I was at a point where I needed answers. I was putting out energy when I wasn’t getting any back. I was depleting myself, growing tired and weary. I also wanted to “detox” from all the stress and stagnant energy. I looked to meditation after a very dear spiritual friend, reminded me to go back within, a place I am very comfortable being. I started to get scenes of water and me underwater completely safe and nurtured. It gave me a feeling of protection. But I didn’t pay it much mind. I could barely swim in more than 5 feet of water (or so I thought, funny the limits we put on ourselves!).
I had never had an urge to scuba dive and the last time I snorkeled in Acapulco I almost panicked. Soon after, I got a strange email about a scuba diving trip in The Maldives. This is proof that you shouldn’t cancel all those junk emails. I clicked on it and called out of curiosity and they told me it is only for certified divers. That little bit of info began my journey. I only get more determined when I am denied anything.

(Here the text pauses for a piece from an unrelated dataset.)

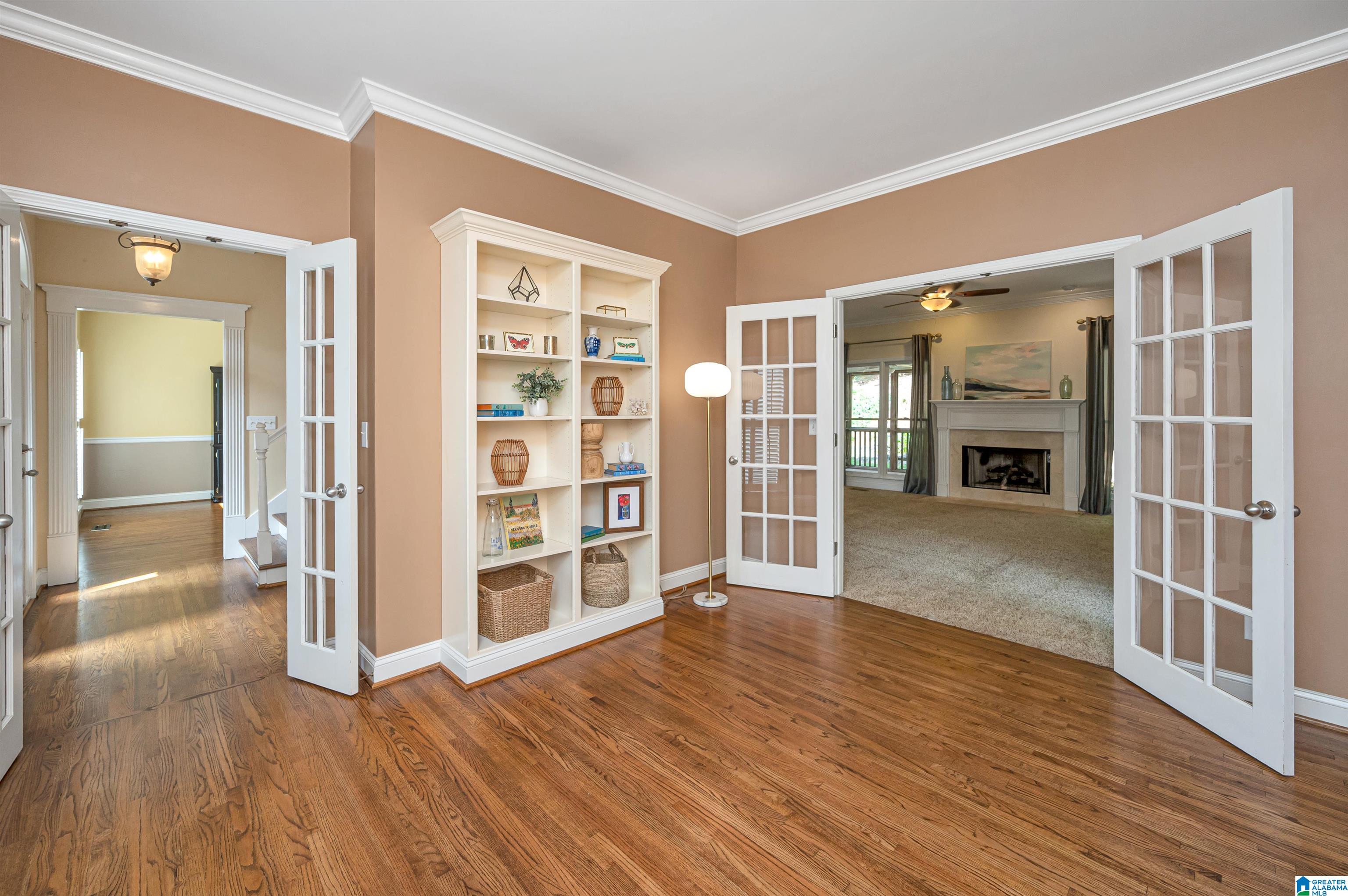 342 Oak Trace Hoover, AL 35244 - Photo 10 of 39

My bday was a few months away and I knew I didn’t want to go into it feeling like I was. My intuitive self needed to be fed and let out to play. When your intuition is in charge your life opens up. And it wasn’t going to be on a trip where I am lounging on the beach with a cocktail or strolling the streets of a foreign country ( looking in windows and cafes) wishing I was with someone. Boo!
I made the goal of getting my scuba diving certification the center of my trip. It gave me something to start and complete. I checked out spots from Thailand to Honduras. Growing frustrated, I was going to settle on the Florida Keys. But something pushed me further out of my comfort zone, and I kept searching for the “perfect” place. My decisions lately have been off course (at least that is what our ego tells us), so I was like, damn, am I just gonna make another bad decision here? So, I stopped looking.
Then, I started to meet people who told me I needed a vacation. I was like, how do they know? This was something I knew all along, but fear was about to sabotage another idea. I finally chose Belize. It wasn’t a place I fantasized about, but all my scuba dive searches were mentioning it as the best place for a newbie to be certified. Belize was also an exotic place, still pure from commercialism, still authentic, almost mysterious. I chose simple accommodations (I will give info later) with bed and bathroom. I wanted a place where I can meet others over breakfast of hot, handmade johnny cakes and hearty eggs and black beans. And small enough that if I disappeared folks would know. Where I stayed only had six rooms!
Oh, and I never thought of asking anyone to come. The last thing I needed was someone to deal with.
I packed lightly and practically to take care of myself.
I wanted this trip to be full of adventure and activity. Keep me on my toes. Push me. Scare me. Free me.